Bibliography
Julie Borgeaud (ed.), Louis Soutter. Le tremblement de la modernité, exh. cat. Paris, La Maison Rouge, Fondation Antoine de Galbert, Lyon, Fage, 2012: 89.
Hartwig Fischer (ed.), Louis Soutter (1871-1942), exh. cat. Basel, Kunstmuseum, Lausanne, Musée cantonal des Beaux-Arts, Lausanne, Collection de l’art brut, Ostfildern-Ruit, Hatje Cantz Verlag, 2002: n. 116.
Michel Thévoz, Louis Soutter. Catalogue de l’œuvre, Lausanne, L’Âge d’Homme, Zurich, Institut suisse pour l’étude de l’art, 1976: n. 2392.
Soutter was interned in Ballaigues, where he suffered cruelly from the narrow confines of his existence. He adopted an ascetic way of living, forcing himself to fast and go on long walks. He escaped into his imagination, elaborating countless plans to regain his autonomy: ‘I want to enter into the life of all beings … and earn an honest living with my music and my drawings’, he wrote to his brother around 1924. In about 1927 he met his cousin Le Corbusier. The encounter would prove decisive: saying he was dazzled by Soutter’s drawings, the architect published an article about him in the avant-garde journal Minotaure in 1936 and organised an exhibition of his works in the United States. With the attention of a small circle comprising his friend Yvonne Walter-du Martheray, the painters René Auberjonois and Marcel Poncet, the writers Jean Giono and Charles Ferdinand Ramuz, the publisher Henry-Louis Mermod, and two gallerists in Lausanne, Claude and Maxime Vallotton, Soutter recovered his confidence. This was reflected in a significant change in his art.

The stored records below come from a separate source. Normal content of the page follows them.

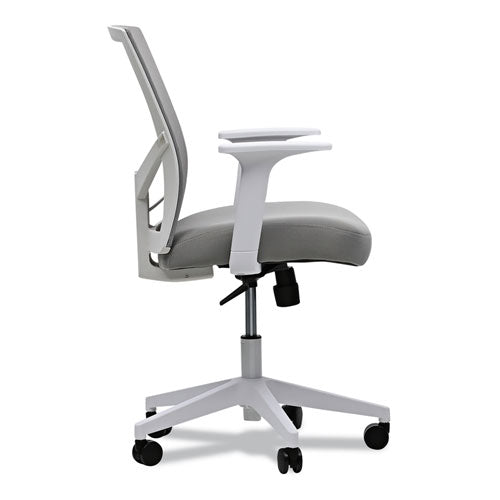 Mesh Back Fabric Task Chair, Supports Up To 275 Lb, 17.32" To 21.1" Seat Height, Gray Seat, Gray Back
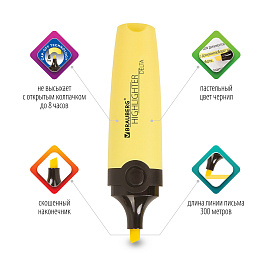 Набор текстовыделителей BRAUBERG 6 шт., АССОРТИ, "DELTA PASTEL", линия 1-5 мм, 151736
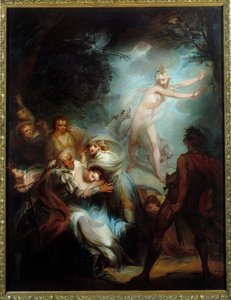 Den hjemsøgte skov. Maleri af Henry Singleton (1766 - 1839).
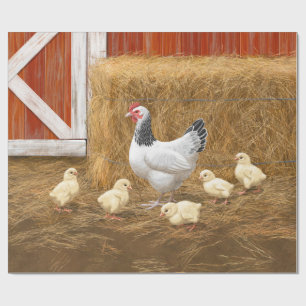 Papel De Presente Sussex Chicken Mama Hen e Pintinhos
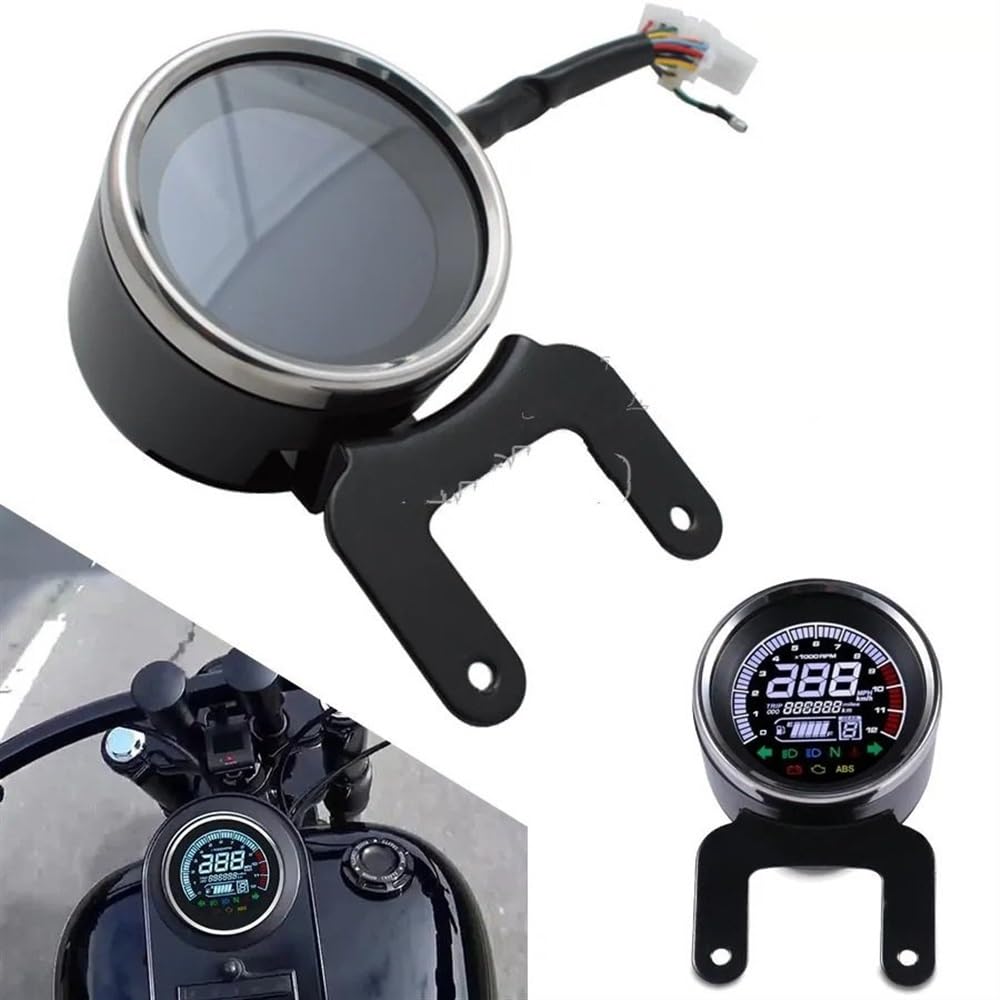 Odómetro Digital Odómetro Digital para Motocicleta, Velocímetro, Tacómetro Medidor Temperatura Y Combustible, Medidor De Nivel Motocicleta para 12V
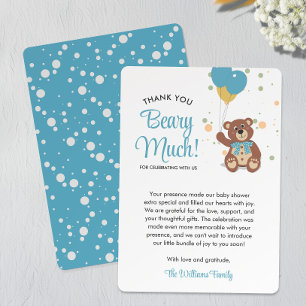 Tarjeta De Agradecimiento Cubo de oso y globo azul Baby Shower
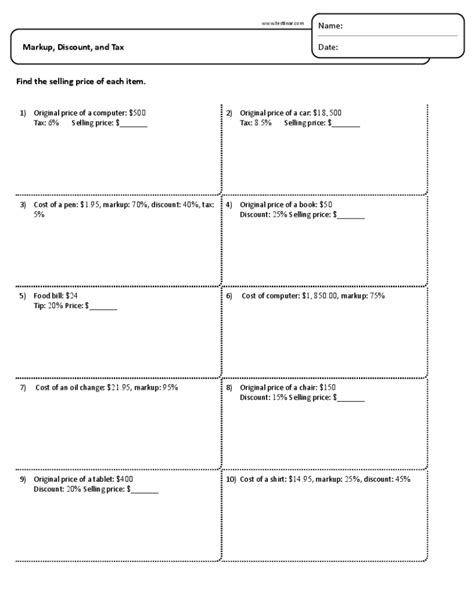 Printable Cost Markup Markdown Worksheet
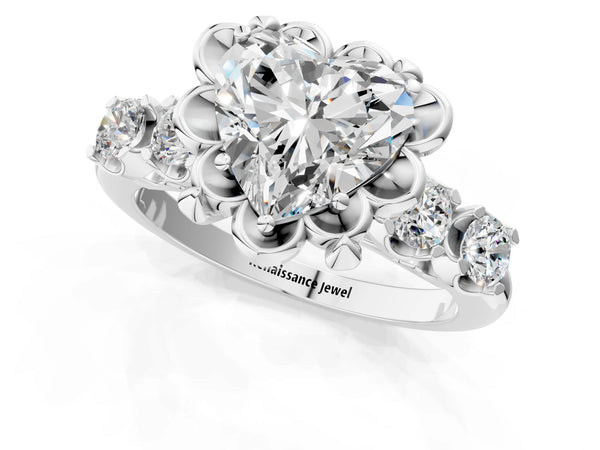 Platinum Heart-Shaped Floral Engagement Ring Setting with Polished Petal Frame and Side Accents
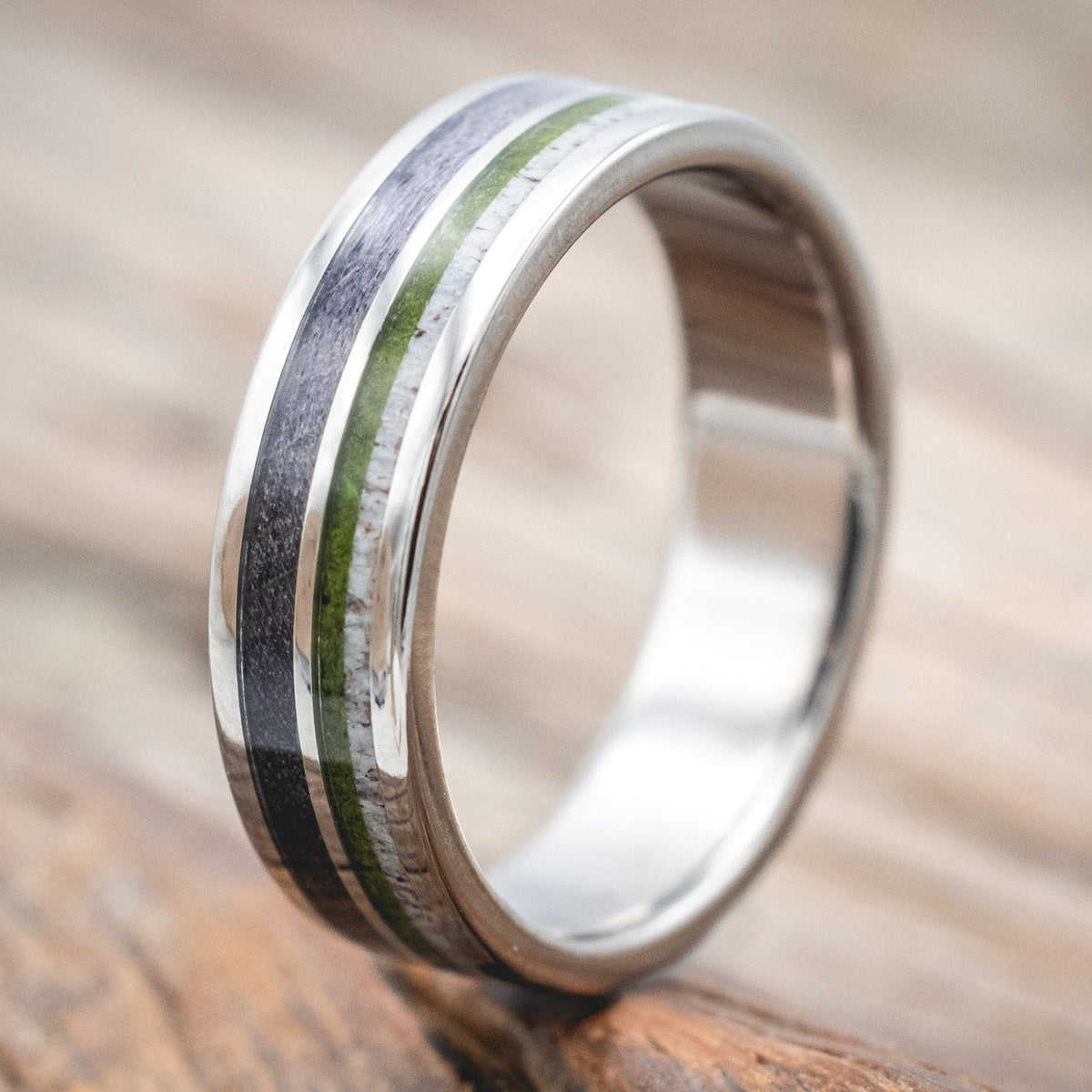 "DYAD" - MOSS, ANTLER & DARK MAPLE WOOD WEDDING BAND-Staghead Designs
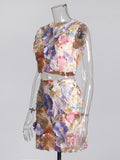 Retro Holiday Style 2025 Summer New Sleeveless Embroidery Top High-Waisted Hip Skirt Suit Woman
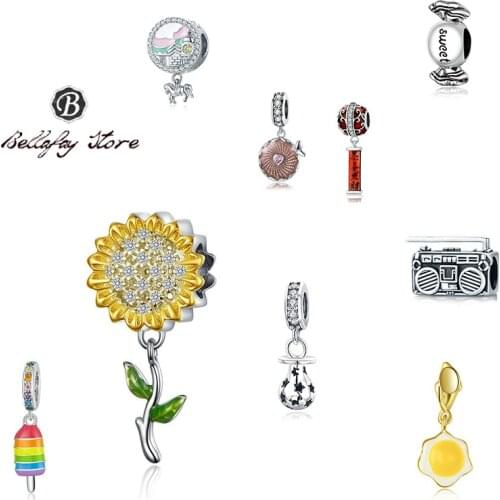 Bellafay Customed Real 925 Silver Sunflower Charms Ice Cream Beads Candy Fits Original Bracelet Bangles Women DIY Jewelry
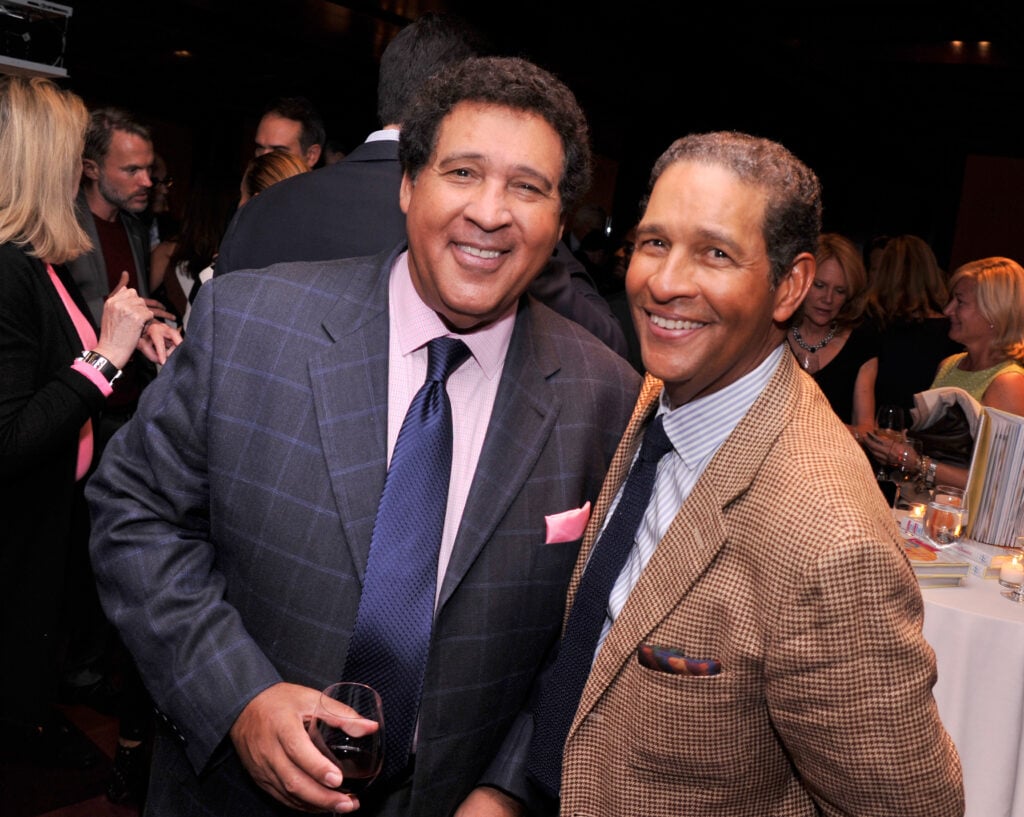 Sportscaster Greg Gumbel and journalist Bryant Gumbel attend UNICHEF Book Party at The Lamb's Club on September 15, 2014 in New York City.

The works produced by Soutter in this period are called ‘mannerist’ because of their new expressiveness and formal distortions. The artist drew in Indian ink, increasing the size of his sheets. Où sont nos sens? belongs to a series that is peopled with alluring and suffering creatures inspired by the residents Soutter had observed in the asylum. He called them the ‘Without God’: ‘… creatures in pain, a pure caste, raised up by the torturing sickness of isolation.’ The women are naked, their only ornament a necklace and a huge head of hair; they display their teeth and made-up lips, their hands alternately hiding and caressing their sex. They strike lascivious poses, teasing the men who vie for their attention. In Ballaigues, these drawings, which speak of the artist’s emotional solitude and sexual distress, earned Soutter the nickname of ‘the mad pornographer’.